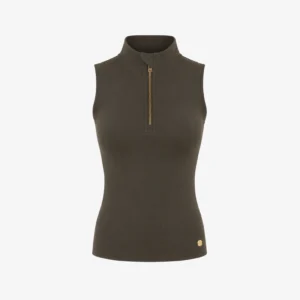 House of Gravity Active Zipper Tank Top HG-315-2604-5030 Olivine Green olijfgroene dames tanktop met rits en ingebouwde bh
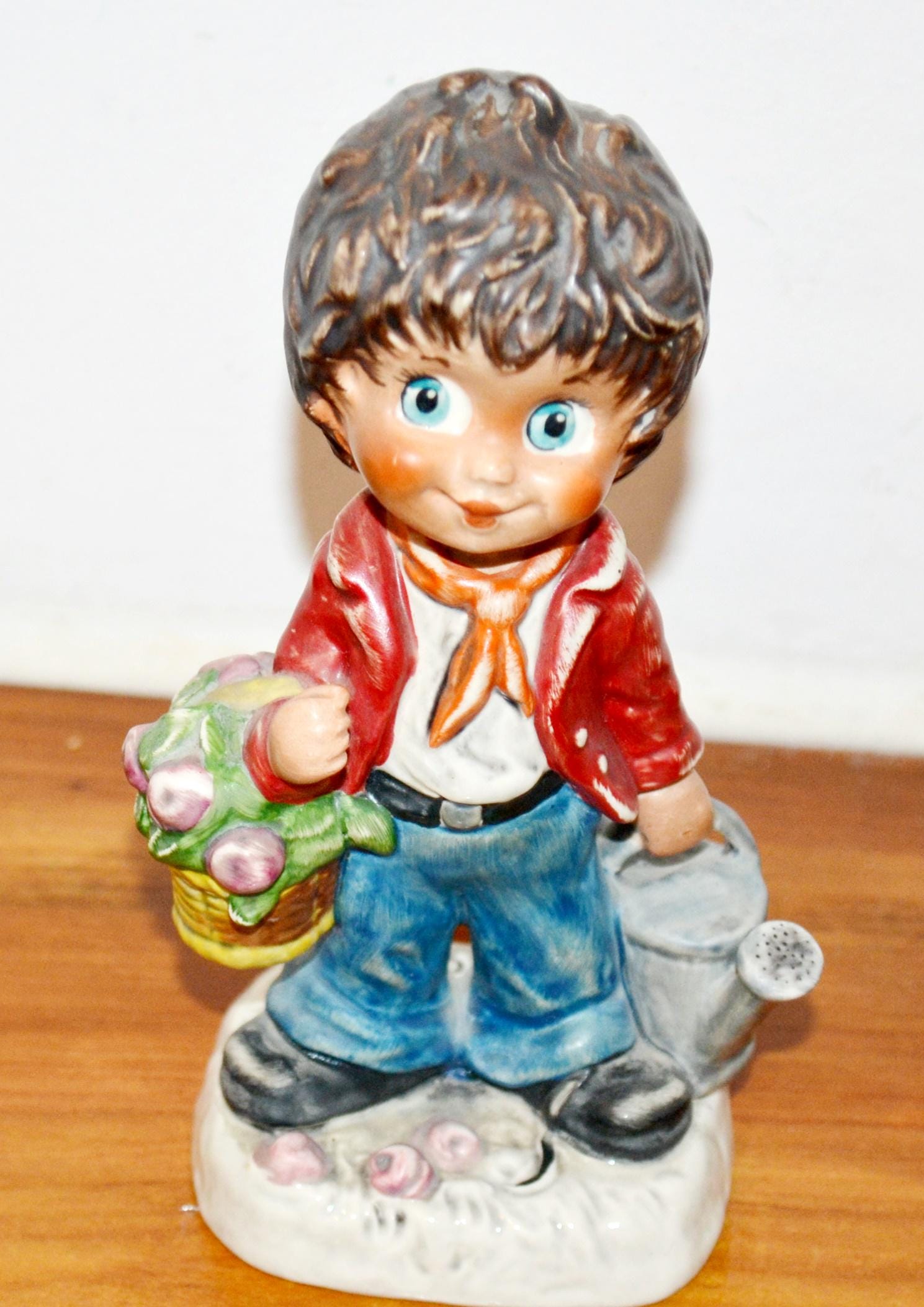 Vintage Ceramic Big Eye Figurine by Goebel From the 1970s, Retro
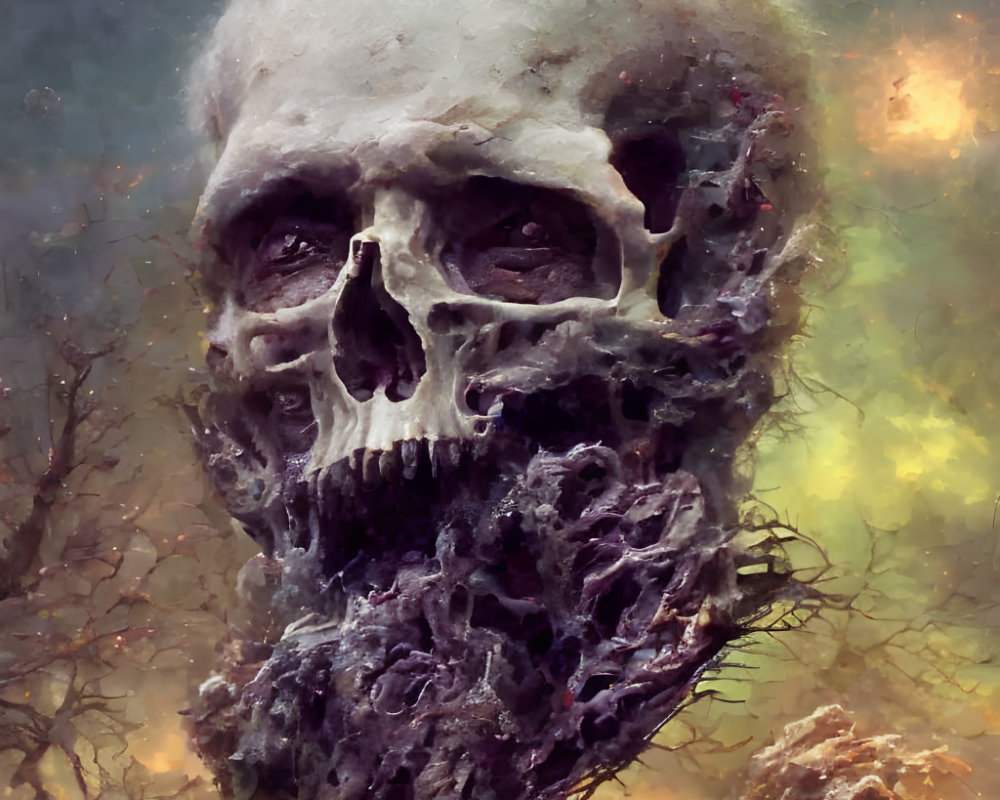 Detailed grotesque skull with decaying flesh and exposed bone on eerie blurry background.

ACTIVITY — Starting at the line that holds "Vintage Ceramic Big", reproduce each line through the last one of the listing, and nothing more; the pictures stay out.

SOLVED PROBLEM —
 Vintage Ceramic Big Eye Figurine by Goebel From the 1970s, Retro
 Detailed grotesque skull with decaying flesh and exposed bone on eerie blurry background.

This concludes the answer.